Par un mémoire en défense enregistré le 28 octobre 2024, la préfète du Rhône conclut au rejet de la requête.
Elle soutient qu’aucun des moyens de la requête n’est fondé.
Mme A… a été admise au bénéfice de l’aide juridictionnelle totale par une décision du 20 septembre 2024.
Vu les autres pièces du dossier.
Vu :
- la convention européenne de sauvegarde des droits de l’homme et des libertés fondamentales ;
- le code de l’entrée et du séjour des étrangers et du droit d’asile ;
- le code des relations entre le public et l’administration ;
- la loi n° 91-647 du 10 juillet 1991 ;
- le code de justice administrative.
Le président de la formation de jugement a dispensé la rapporteure publique, sur sa proposition, de prononcer des conclusions à l’audience.
Les parties ont été régulièrement averties du jour de l’audience.

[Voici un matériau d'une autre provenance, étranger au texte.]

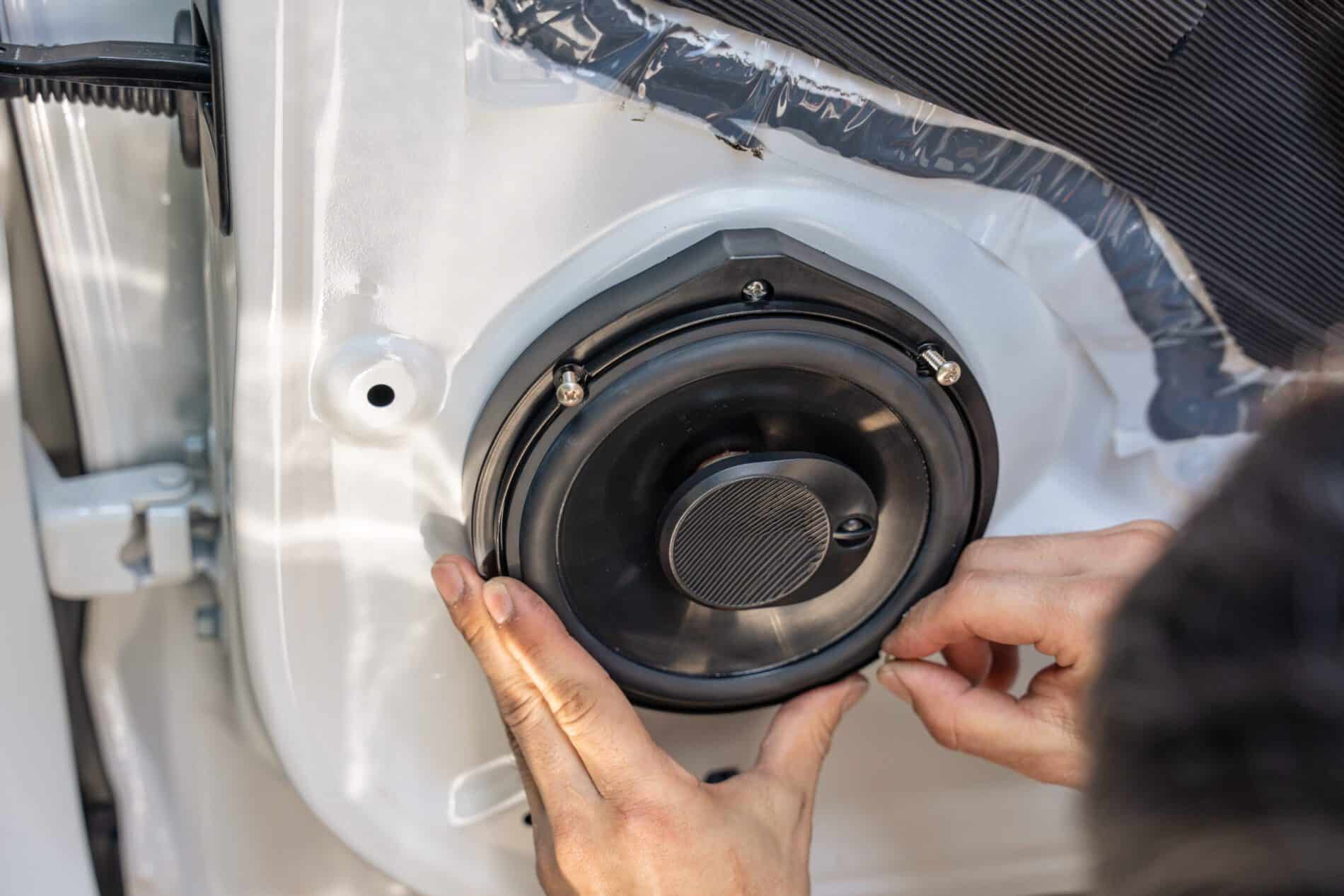 mechanic man installing speaker on vehicle door pa 2025 03 25 18 25 10 utc scaled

Le rapport de M. Clément, président, a été entendu au cours de l’audience publique.
Considérant ce qui suit :
1. Mme B… A…, ressortissante guinéenne née le 31 octobre 1946, est entrée régulièrement en France le 4 septembre 2015 munie de son passeport revêtu d’un visa de court séjour. Elle a sollicité le 12 juillet 2017 un titre de séjour refusé par décision du 28 mai 2019 assortie d’une obligation de quitter le territoire français confirmée par le tribunal administratif de Lyon le 25 mai 2020. Elle a sollicité une nouvelle fois un titre de séjour le 5 juillet 2023. Par l’arrêté attaqué, la préfète du Rhône a refusé de lui accorder un titre de séjour, l’a enjointe à quitter le territoire français dans un délai de trente jours, a fixé le pays à destination duquel elle sera reconduite et lui a interdit l’accès au territoire français pour une durée de six mois.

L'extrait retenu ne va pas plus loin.